Arizona, after the Civil War: Dan Evans (Christian Bale), one leg missing from combat on the Northern side, struggles against debt and drought to keep his farm from collapsing. Nefarious Hollander (Lennie Loftin), Evans' money-lender, has cut off the stream to his ranch, crippling Evans' resources further; the goal is to kick him off and sell his valuable land to the railroad. The near-accidental capture of outlaw Ben Wade (Russell Crowe) offers Evans a shot at redemption: Wade has to be delivered to the titular train without any casualties incurred by Wade's loyal, fearsome gang. For $200 -- enough to save him, barely -- Evans agrees to be part of the ad hoc crew (including excellent supporting turns by Peter Fonda as a bounty hunter and the underrated Dallas Roberts as a nervous Pinkerton's detective), guarding and transporting Wade over the next three days, from tiny Bisbee to the train station at Contention.

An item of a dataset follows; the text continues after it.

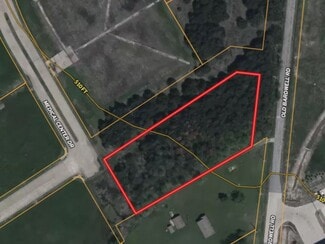 Plus de détails pour Lot 7 Physicians Boulevard, Ennis, TX - Terrain à vendre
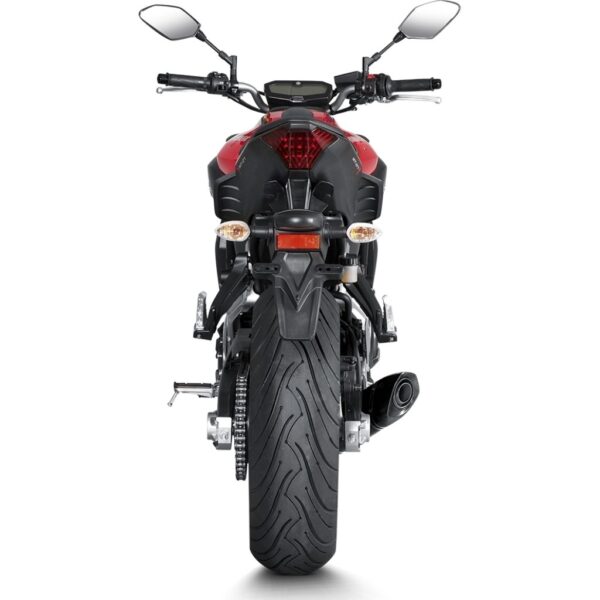 Escape completo Racing Street. No homologado Akrapovic. s-y7r2-afc - Imagen 5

The original set-up of 3:10 To Yuma is the stuff of solid if unexceptional genre stock: A man at the end of his tether is forced to re-assert himself over a hostile land and bad people through self-defining acts of violence. The original film focused its energy on the long, tense wait for the moment when the dangerous, bullet-riddled trip to the train station has to be made. Mangold successfully fashions a long middle passage, as Evans' makeshift posse transports Wade. Far from the stark grandeur of Monument Valley, Mangold deglamorizes the traditional Western landscape; here it is a scrubby, shrubby wasteland. The action's the thing -- not the environment or characters -- and Mangold delivers some stellar set pieces. An early stagecoach robbery is superb, emphasizing the bulky physicality of the coach -- its wobbly gait, ungainly bulk, dust flying off the road beneath its wheels -- with multi-layered sound design and well-edited action unavailable (and probably impossible) in 1950’s oaters. A trip through the railroad construction site is almost as immersive an exercise in set design as, say, McCabe and Mrs. Miller's frontier town.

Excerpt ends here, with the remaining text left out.